> WHAT IS EXPECTED: Repeat the data word for word, excluding every picture.

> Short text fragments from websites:

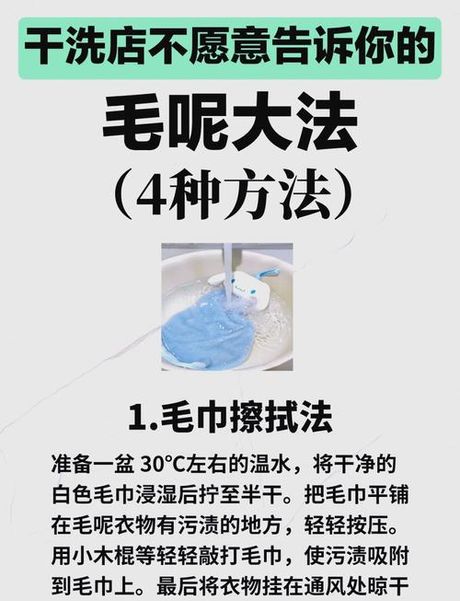呢子衣服可以机洗吗？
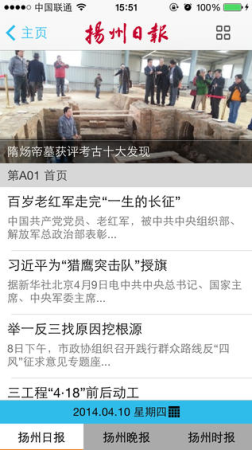 云扬州ios版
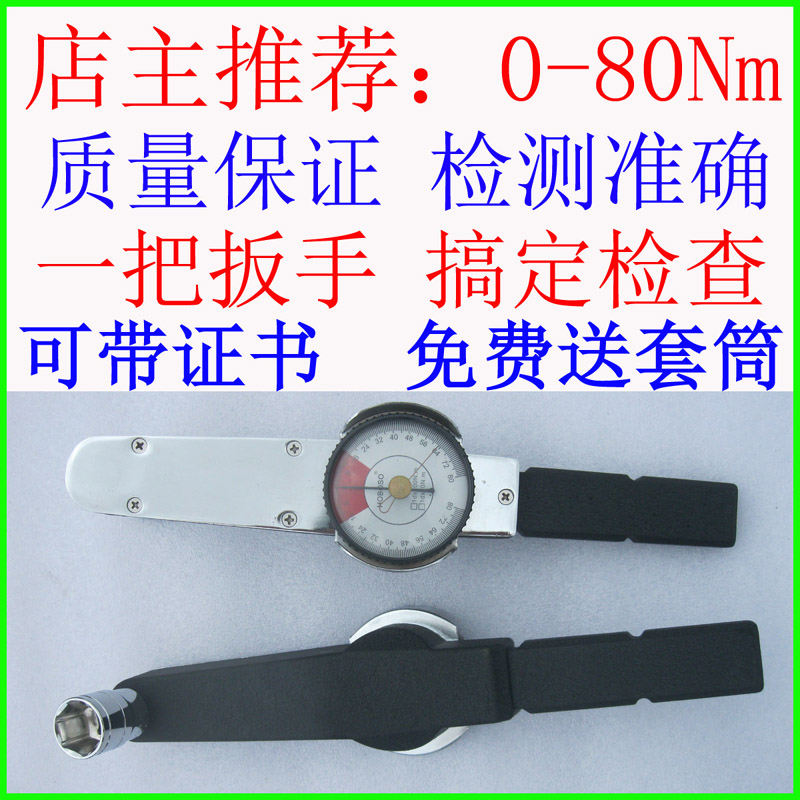 检测脚手架扣件螺栓扭矩仪器40y-65Nm带表盘扭力扳手扭矩检测工具
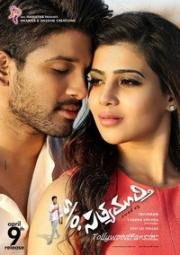 Сын Сатьямурти (Son of Satyamurthy) (2015)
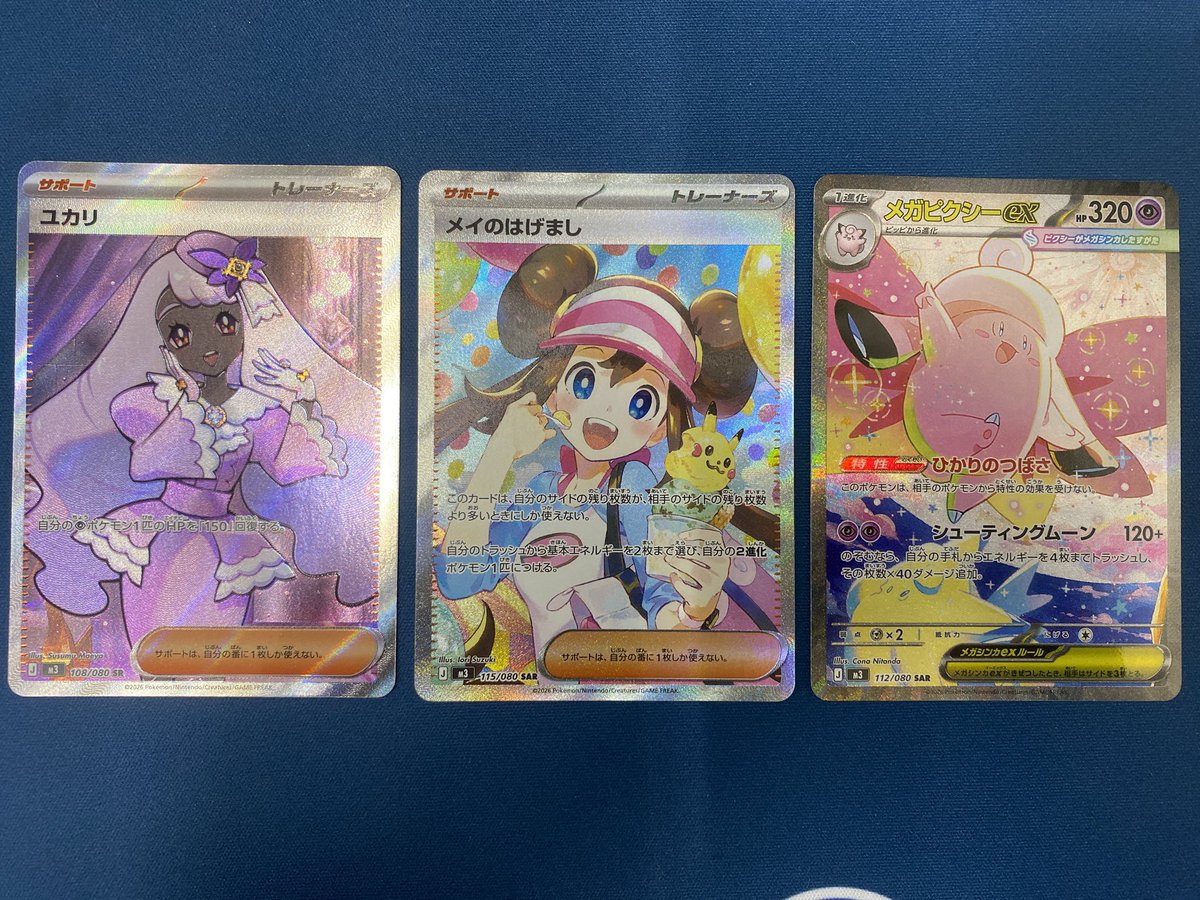 📣ポケモンカード入荷情報📣 最新弾より、 メイのはげまし SAR ユカリ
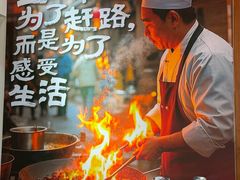 -大胡同天津菜·海肠捞饭·津门皮皮虾锅贴一绝(西姜井店)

> SOLUTION TO THIS PROBLEM:
呢子衣服可以机洗吗？
 云扬州ios版
 检测脚手架扣件螺栓扭矩仪器40y-65Nm带表盘扭力扳手扭矩检测工具
 Сын Сатьямурти (Son of Satyamurthy) (2015)
 📣ポケモンカード入荷情報📣 最新弾より、 メイのはげまし SAR ユカリ
 -大胡同天津菜·海肠捞饭·津门皮皮虾锅贴一绝(西姜井店)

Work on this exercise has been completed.